The control branch runs and its result is returned to the caller. The candidate branch runs in the same request (Ruby picks the execution order pseudo-randomly to avoid ordering bias); its result, timing, and any raised exception are captured. scientist then publishes a comparison — observed values, durations, diff flag — to a publisher the caller configures (logs, a metrics backend, etc). Candidate exceptions are swallowed before they reach the user so the experiment can't break production.

GitHub has used scientist on refactors of its core permissions system, Git backends, PR merge code, and other load-bearing paths. The library has ports to many languages (Python, Node, Go, Java, etc.), all following the same control/candidate/publish shape.

Role in the wiki

GitHub Issues search performance comparison (2025-05-13)

The 2025 Issues-search rewrite used scientist to compare performance of equivalent queries between the old flat-parser path and the new PEG-AST-recursive path on 1% of production traffic:

"For 1% of Issue searches, we ran equivalent queries against both the existing and the new search systems. We used scientist, GitHub's open source Ruby library, for carefully refactoring critical paths, to compare the performance of equivalent queries to ensure that there was no regression."

Complementary to the dark-ship diff harness that ran on a different 1% slice of traffic and logged result-count differences (see patterns/dark-ship-for-behavior-parity):

  • dark-ship → behaviour parity (did the result set change?)
  • scientist → performance parity (did latency regress? did the new path raise?)

Either harness alone misses one half; GitHub ran both. (Source: sources/2025-05-13-github-github-issues-search-now-supports-nested-queries-and-boolean)
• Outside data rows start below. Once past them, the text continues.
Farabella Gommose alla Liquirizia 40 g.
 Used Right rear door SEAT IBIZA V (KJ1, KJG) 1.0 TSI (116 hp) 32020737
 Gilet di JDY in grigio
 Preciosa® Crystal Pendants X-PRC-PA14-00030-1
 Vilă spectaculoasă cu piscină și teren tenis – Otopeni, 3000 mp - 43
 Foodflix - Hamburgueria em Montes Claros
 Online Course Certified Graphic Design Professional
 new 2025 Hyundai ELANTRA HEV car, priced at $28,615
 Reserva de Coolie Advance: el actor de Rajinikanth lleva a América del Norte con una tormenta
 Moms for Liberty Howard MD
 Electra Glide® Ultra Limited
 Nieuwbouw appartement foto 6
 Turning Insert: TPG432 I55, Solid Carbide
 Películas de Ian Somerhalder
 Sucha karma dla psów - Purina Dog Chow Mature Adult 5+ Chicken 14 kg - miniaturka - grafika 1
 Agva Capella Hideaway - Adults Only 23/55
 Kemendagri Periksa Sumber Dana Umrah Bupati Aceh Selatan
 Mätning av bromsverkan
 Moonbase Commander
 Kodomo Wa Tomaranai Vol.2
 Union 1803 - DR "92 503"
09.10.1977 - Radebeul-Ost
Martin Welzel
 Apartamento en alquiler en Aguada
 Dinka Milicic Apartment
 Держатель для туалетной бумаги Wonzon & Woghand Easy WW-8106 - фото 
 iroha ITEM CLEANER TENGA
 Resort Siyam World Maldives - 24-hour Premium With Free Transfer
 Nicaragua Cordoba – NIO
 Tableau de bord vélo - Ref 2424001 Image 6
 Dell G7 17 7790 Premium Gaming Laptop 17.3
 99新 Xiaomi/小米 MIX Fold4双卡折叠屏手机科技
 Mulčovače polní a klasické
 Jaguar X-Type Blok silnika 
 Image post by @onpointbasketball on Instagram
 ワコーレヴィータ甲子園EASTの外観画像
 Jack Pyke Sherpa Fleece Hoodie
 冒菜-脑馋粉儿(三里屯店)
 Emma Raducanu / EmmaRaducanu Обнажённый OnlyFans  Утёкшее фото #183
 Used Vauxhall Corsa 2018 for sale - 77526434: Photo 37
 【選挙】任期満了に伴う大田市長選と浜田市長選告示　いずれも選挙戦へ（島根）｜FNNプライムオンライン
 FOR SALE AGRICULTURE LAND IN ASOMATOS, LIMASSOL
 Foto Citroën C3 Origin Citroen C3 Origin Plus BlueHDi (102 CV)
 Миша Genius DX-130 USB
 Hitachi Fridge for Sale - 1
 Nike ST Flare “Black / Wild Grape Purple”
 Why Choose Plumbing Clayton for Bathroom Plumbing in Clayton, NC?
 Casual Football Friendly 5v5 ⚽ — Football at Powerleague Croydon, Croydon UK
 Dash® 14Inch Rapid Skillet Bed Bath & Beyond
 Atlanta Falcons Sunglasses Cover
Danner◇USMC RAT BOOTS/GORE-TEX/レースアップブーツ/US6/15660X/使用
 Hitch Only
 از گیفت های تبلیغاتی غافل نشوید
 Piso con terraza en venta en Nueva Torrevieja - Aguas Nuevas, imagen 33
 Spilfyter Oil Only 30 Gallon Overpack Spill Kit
Why scientist vs a hand-rolled A/B

The post names scientist specifically — out of all the possible ways to compare two code paths — because it bakes in defaults that otherwise have to be reinvented on every refactor:

  • Candidate-exception isolation: if the new path raises, the user sees the control result; the experiment records the exception rather than breaking production.
  • Random execution order: eliminates systemic bias from warm-cache / cold-cache effects on the first branch to run.
  • Pluggable publisher: comparison data goes wherever the team already sends metrics; no new dashboard needed.
  • Sampling hook: e.run_if { rand < 0.01 } makes the 1% sample a single-line concern, not a custom harness.

Caveats

  • scientist runs both branches in-process, synchronously — it approximately doubles the critical-path work for the sampled fraction of requests. Expectation is 1–5% sampling; 100% would likely exceed latency budgets. (GitHub's 1% is the typical figure.)
  • scientist is for read-path refactors, where running both branches is side-effect-free. For write paths, use patterns/dual-write-migration or a shadow queue instead — scientist doesn't ship write-path isolation.
  • scientist surfaces observations, not causal root-cause analysis. Someone still has to triage the diff stream.